FIG. 12 is the flowchart of the data acquisition module 284. This
module acquires the GPS data from the GPS module then reads the
sensor ports on the analog inputs of microcontroller 38 to obtain
the sensor readings. The module starts by waiting for GPS data from
the GPS module 340. If data is not detected after a certain time
out period 344, the system will reset to reinitialize the GPS
system. After the acquisition of the GPS data, the program proceeds
with the sensor data acquisition by performing analog-to-digital
conversion on each analog input to which a sensor is interfaced
346, 348, 350, 352, 354 until the last input. The acquired data is
stored in a temporary buffer 350.
FIG. 13 is the flowchart of the data encoding module 290. The
encoding of the acquired data involves a form of compression to
optimize the use of the flash memory. This module starts by
calculating the GPS delta 358, which is the difference between the
current and previous absolute coordinates, and then checking for
any overflow 360. An overflow is detected if the delta exceeds a
preset limit. If an overflow occurs, the data record cannot
accommodate the GPS delta, hence a new group is created 364. A new
group is also created when the date changes 362, as the group is
date stamped. If no overflow or date change is detected, the
program proceeds with the encoding by converting the GPS data delta
to binary-coded-decimal to further compress the data 366. Finally,
the GPS data is integrated with the sensor data into the data
record format 368.
FIGS. 14A and 14B are the flowcharts for the data recording module
292. The flowchart of FIG. 14A performs data saving to the flash
memory 370. Aside from this, the program also checks for any errors
in flash recording by performing an immediate data read 372 then
comparing the results for any errors 374. If an error is detected,
the program will re-try writing up to a pre-set number of times 376
then reports an error if the problem still exists 380. At this
point the program skips the flash memory location 382 and saves the
data in the next available location. If the write operation is
successful, the program proceeds with the calculation of the new
recording interval to fit the frequency of data recording with the
relevance of the current situation 378. This is shown in FIG. 14B.

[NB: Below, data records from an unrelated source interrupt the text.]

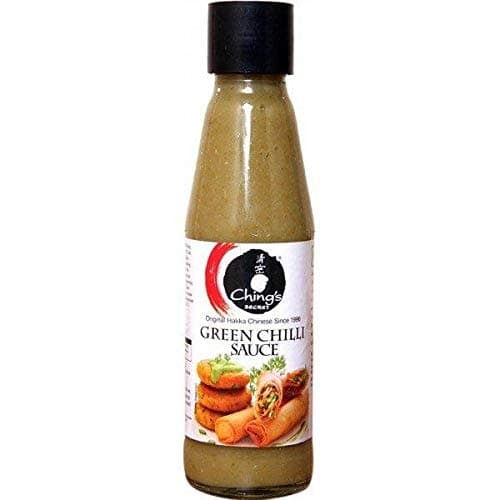 Chings Green Chilli Sauce - 190g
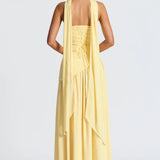 Elma | Vestido longo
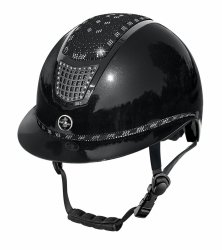 FAIR PLAY QUANTINUM WV EOS SHINY Kask jeździecki SZEROKI DASZEK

If the aircraft is in the taxiing stage (speed<V.sub.1) the
recording interval t.sub.3 is large 390 since this is not a
critical stage 390. If it is in the cruising stage
(speed>V.sub.2) the recording interval t.sub.2 is medium 395. In
the take-off and landing speed range (V.sub.1 to V.sub.2), this is
the most critical stage and hence the recording interval t.sub.1 is
the shortest 394. The speed of the aircraft is based on the GPS
data and RTC time, hence if the GPS data is found to be invalid
384, the recording interval is set to a default value. This
variable recording interval method can be disabled by the user, in
which case a fixed recording interval is used.
The retrieval of data by the host computer 32 of the data retrieval
unit is initiated by the command execution module 298 of the
command interrupt routine of FIG. 10B. FIG. 15 is the flowchart of
the data retrieval module. The routine first performs a linear
search of the flash memory for existing groups 396. If a group is
found, the data retrieval command date parameter is then compared
to check if there is a match and this is the group the user needs
400. If the group date does not match the parameter, the program
searches for another group. If they match however, the group header
is transmitted 404.
This header contains the GPS reference data and the addresses of
the first and last record in the group. The program then waits for
a reply from the user 406. If a serial time out is experienced, the
program transmits a `dump time out` symbol 408. The reply can
either be `continue` 410, `abort` 412, `skip group` 414 or `resend`
416. The `abort` command ends the dump routine and transmits an
`OK` to signal that the command was received 418. The `resend`
command will send again the group header. The `skip group` command
will skip the group and searches for the next group, while the
`continue` command will make the program proceed with the dumping
of the records in the group.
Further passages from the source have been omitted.